DATASET EXCERPTS below:

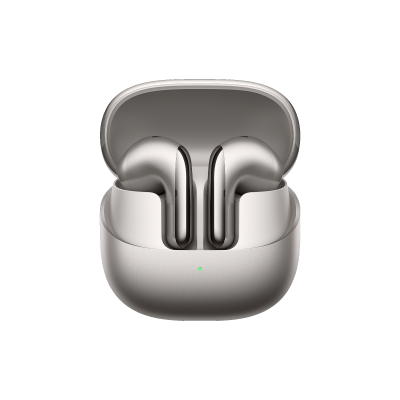 XIAOMI &Eacute;couteurs Bluetooth  Buds 5 avec suppression active du bruit gris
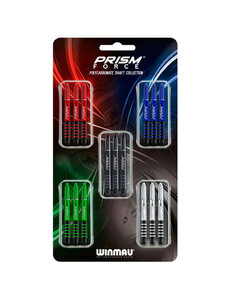 Winmau Darts Winmau Prism Force Medium Dart Shaft Collection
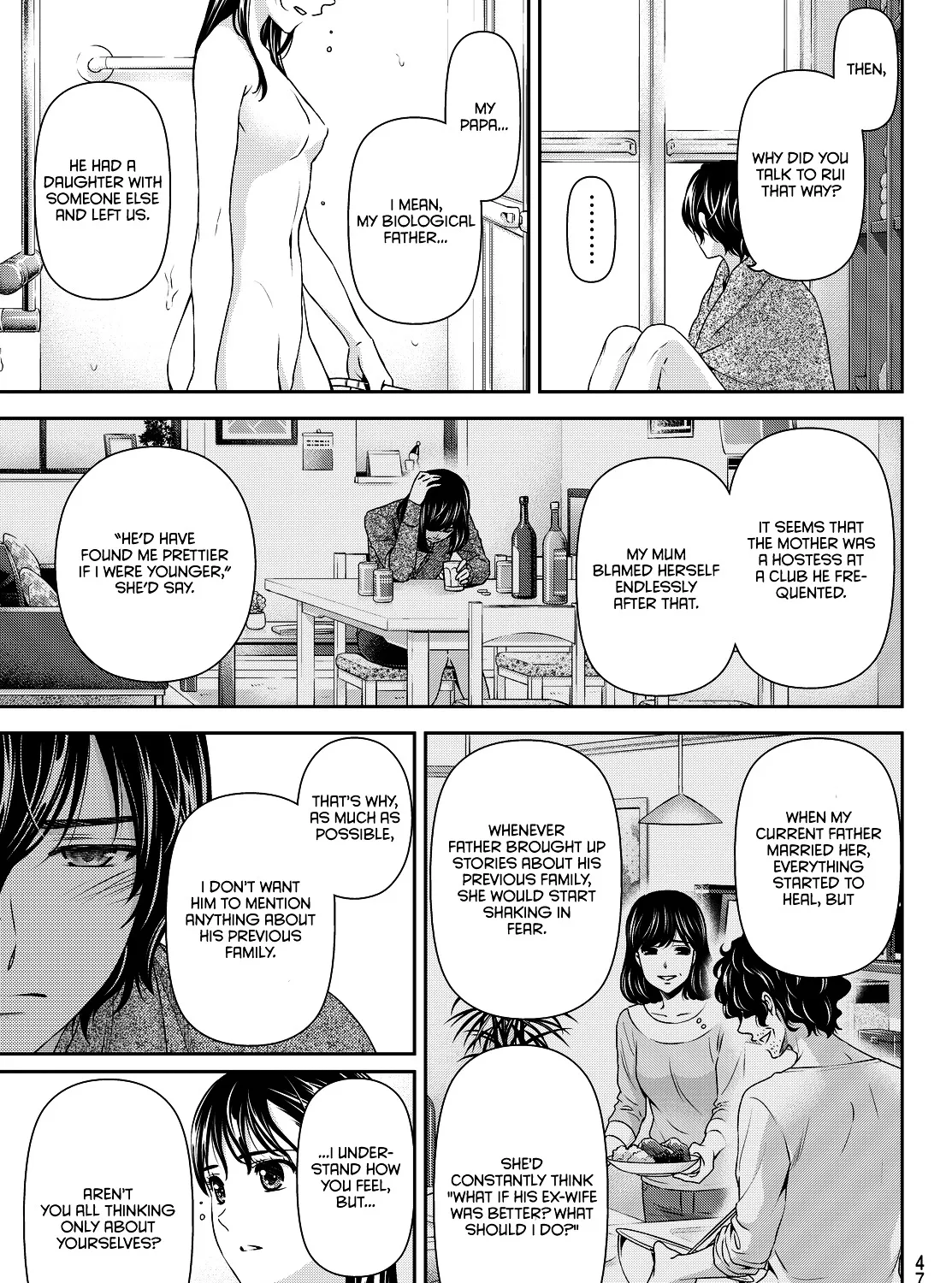 Domestic Na Kanojo - Page 27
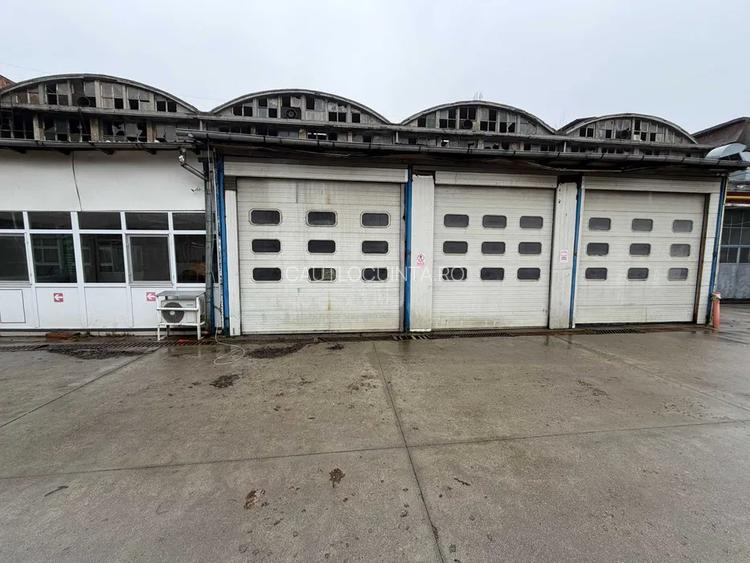 Depozit / Calea Grivitei/ Curte - 3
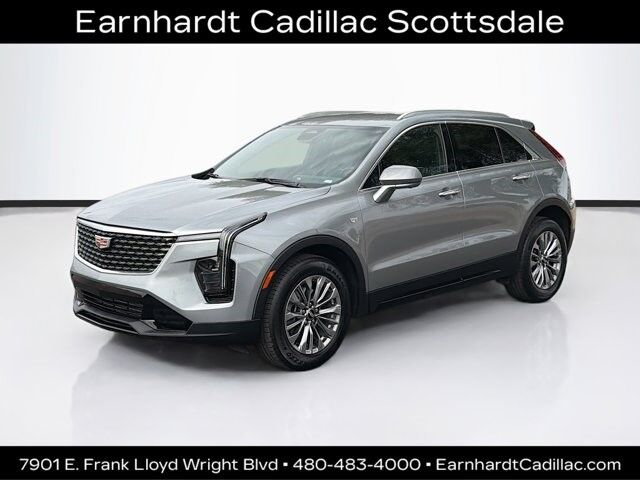 2025 Cadillac XT4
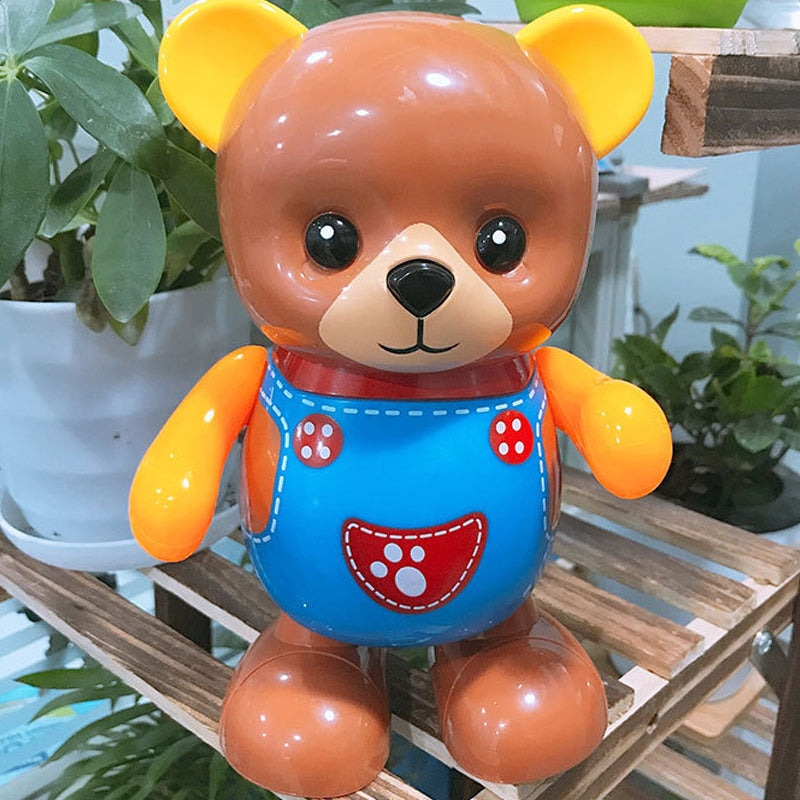 Frendorf | Blitz & musikalischer tanzender Pinguin Spielzeug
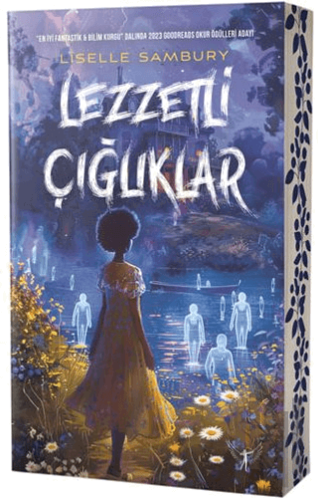 Lezzetli Çığlıklar | Kitap Ambarı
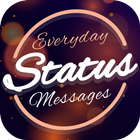 Everyday Status Messages أيقونة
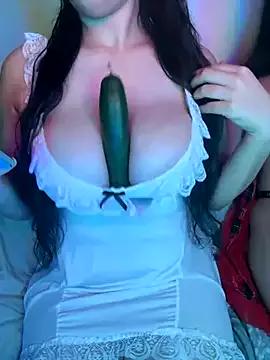 Check-out our cam rooms range and converse on a personal level with our delicious livecams streamers, showing off their spicy curves and toys.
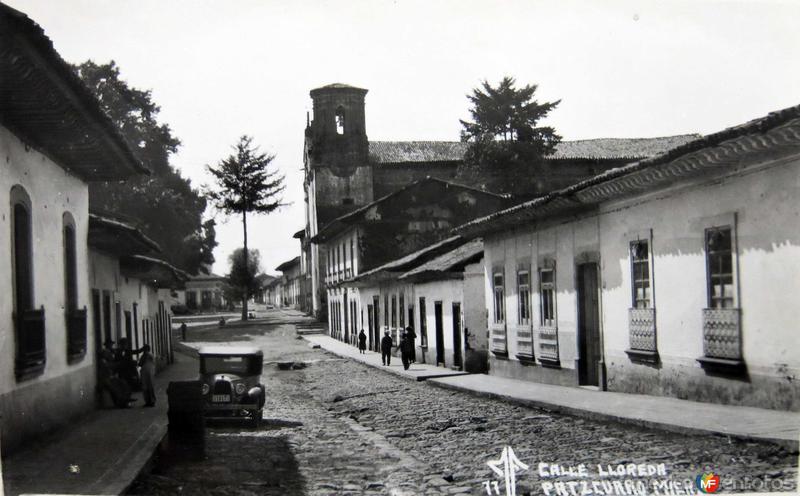 Calle Lloreda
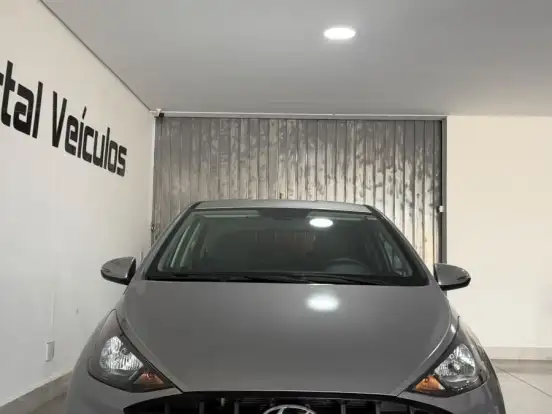 HYUNDAI-HB20-1.0 12V FLEX EVOLUTION MANUAL HYUNDAI-HB20-2021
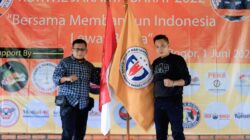 Genap 7 Hari Kepergian Melky Serigala, FWJI Jakarta Barat Kenang Jasa dan Pengabdiannya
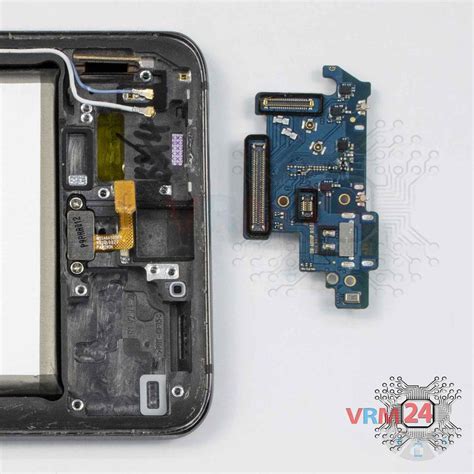 🛠 How To Disassemble Samsung Galaxy A80 Sm A805 Instruction Photos Video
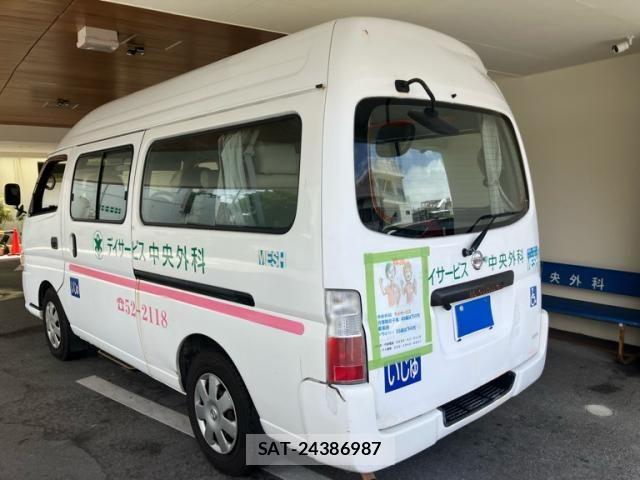 Nissan Caravan 2006-09 8098399-4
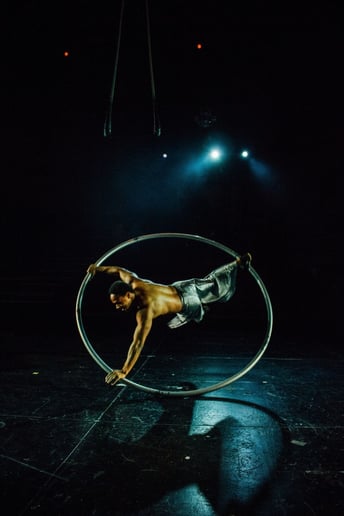 Gallery photo 2 of Cyr Wheel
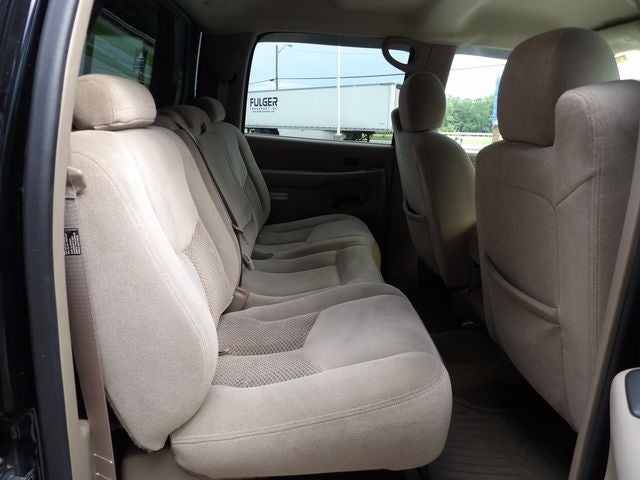 2003 Chevrolet Silverado 1500HD LS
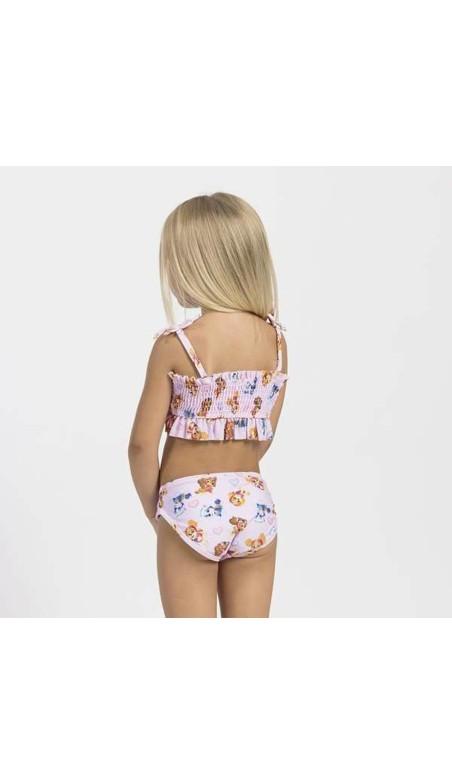 Bikini The Paw Patrol Rose clair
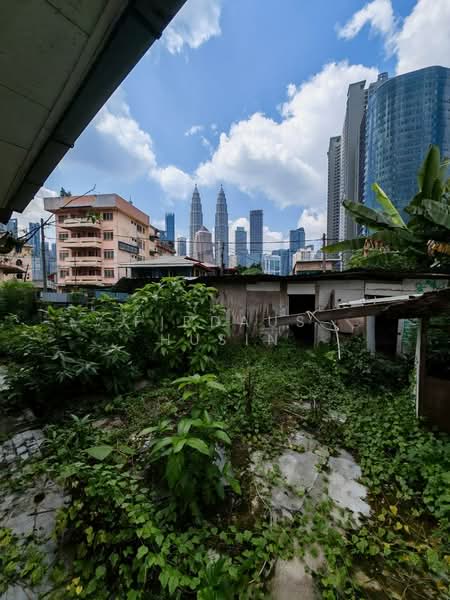 Residential Land for Sale in Kampung Baru (KL City Centre) - Firdaus Husin - Exterior - PropertyGuru.com.my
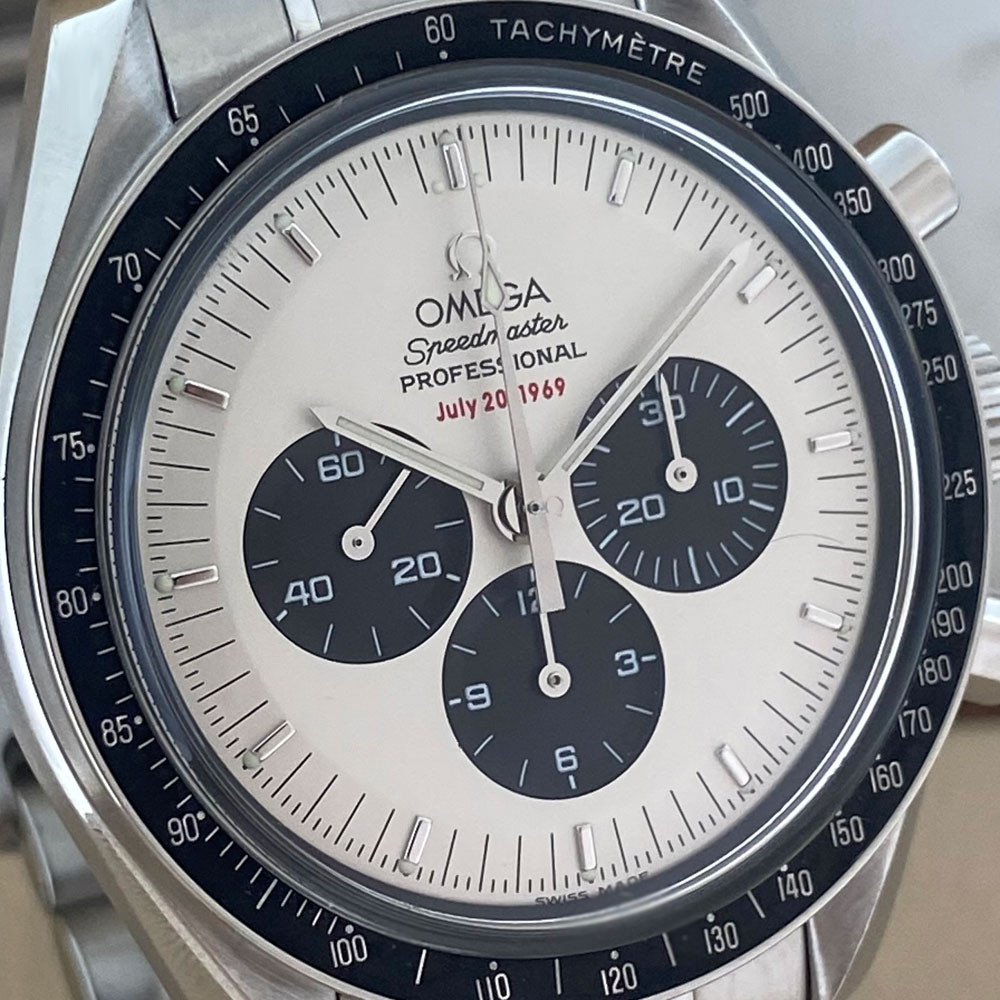 Omega Speedmaster Moonwatch Apollo 11 35th Anniversary 35693100 9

End of DATASET EXCERPTS.

▶ **PROBLEM TO SOLVE**:
Reproduce exactly, and only, the lines from the one with "Bikini The Paw Patrol Rose clair" to the final line of the listing above; the pictures are to be left out.

▶ **RESPONSE**:
 Bikini The Paw Patrol Rose clair
 Residential Land for Sale in Kampung Baru (KL City Centre) - Firdaus Husin - Exterior - PropertyGuru.com.my
 Omega Speedmaster Moonwatch Apollo 11 35th Anniversary 35693100 9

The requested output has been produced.